* _TO DO_: All the lines below need to be transcribed exactly. Pictures get left out.

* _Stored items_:
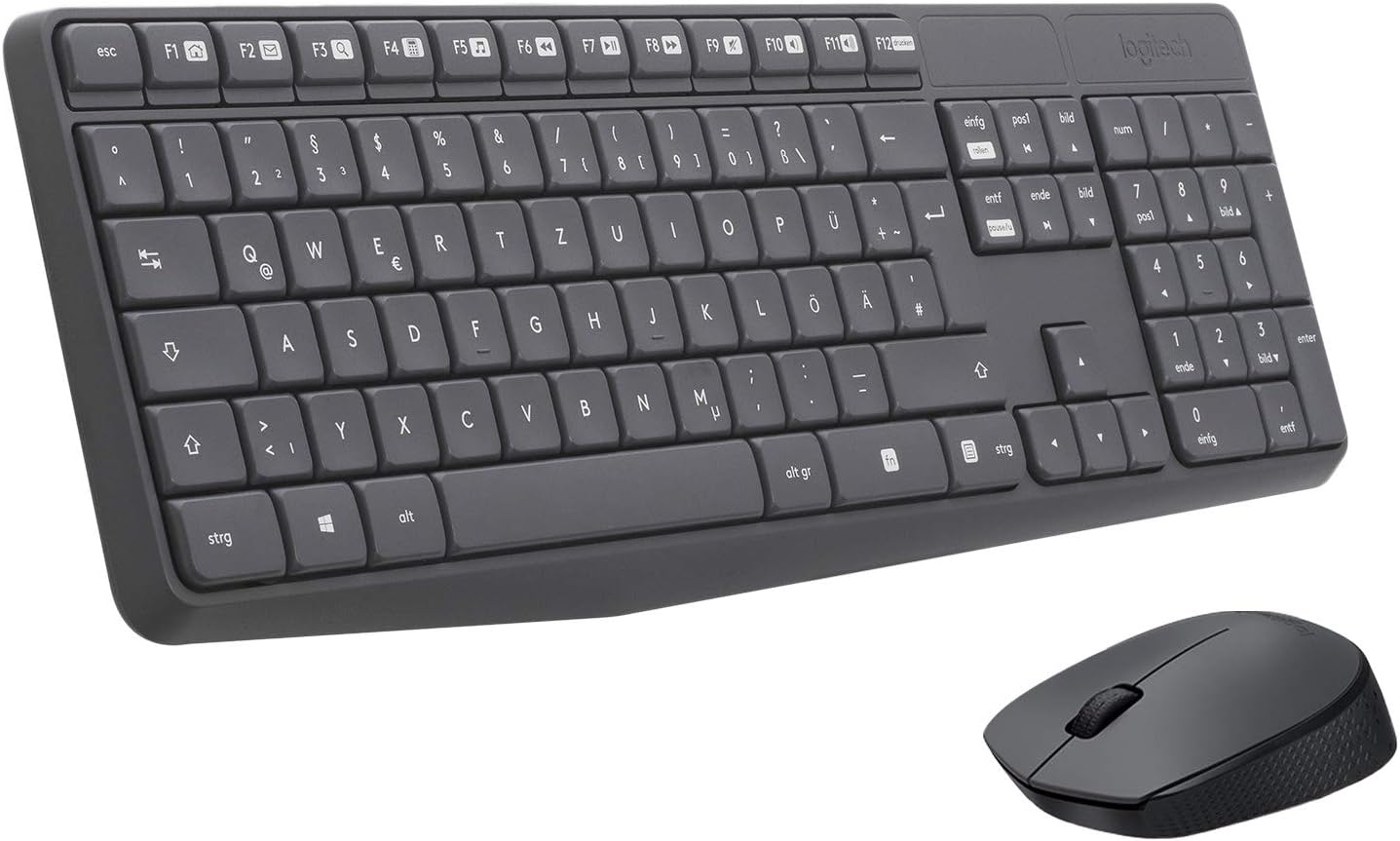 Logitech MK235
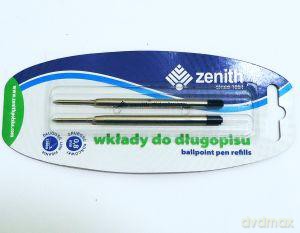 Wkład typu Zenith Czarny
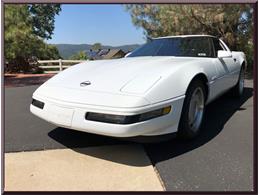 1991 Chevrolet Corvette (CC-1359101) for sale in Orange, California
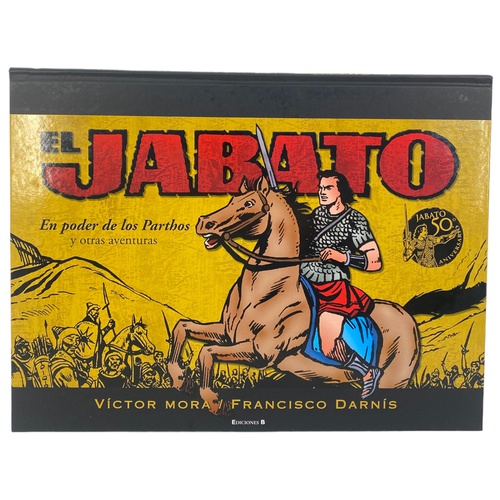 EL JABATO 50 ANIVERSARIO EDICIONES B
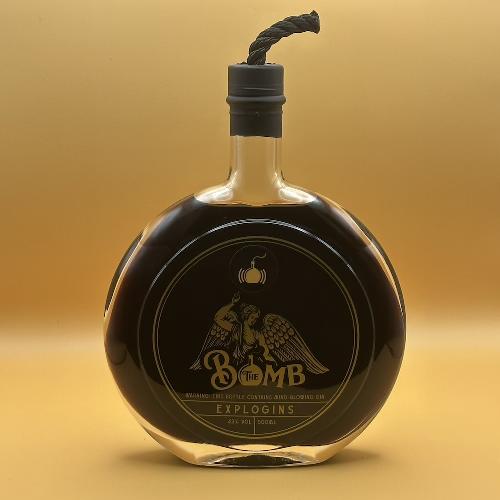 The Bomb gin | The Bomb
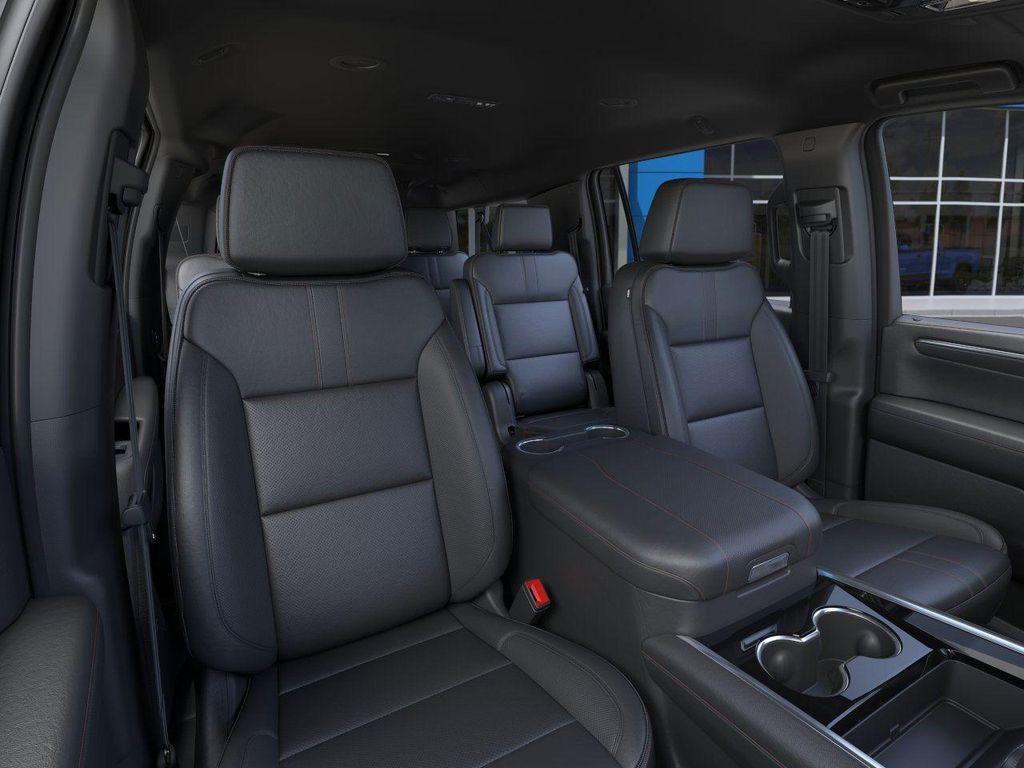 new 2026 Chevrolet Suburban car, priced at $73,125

* _ANSWER SPACE_:
 Logitech MK235
 Wkład typu Zenith Czarny
 1991 Chevrolet Corvette (CC-1359101) for sale in Orange, California
 EL JABATO 50 ANIVERSARIO EDICIONES B
 The Bomb gin | The Bomb
 new 2026 Chevrolet Suburban car, priced at $73,125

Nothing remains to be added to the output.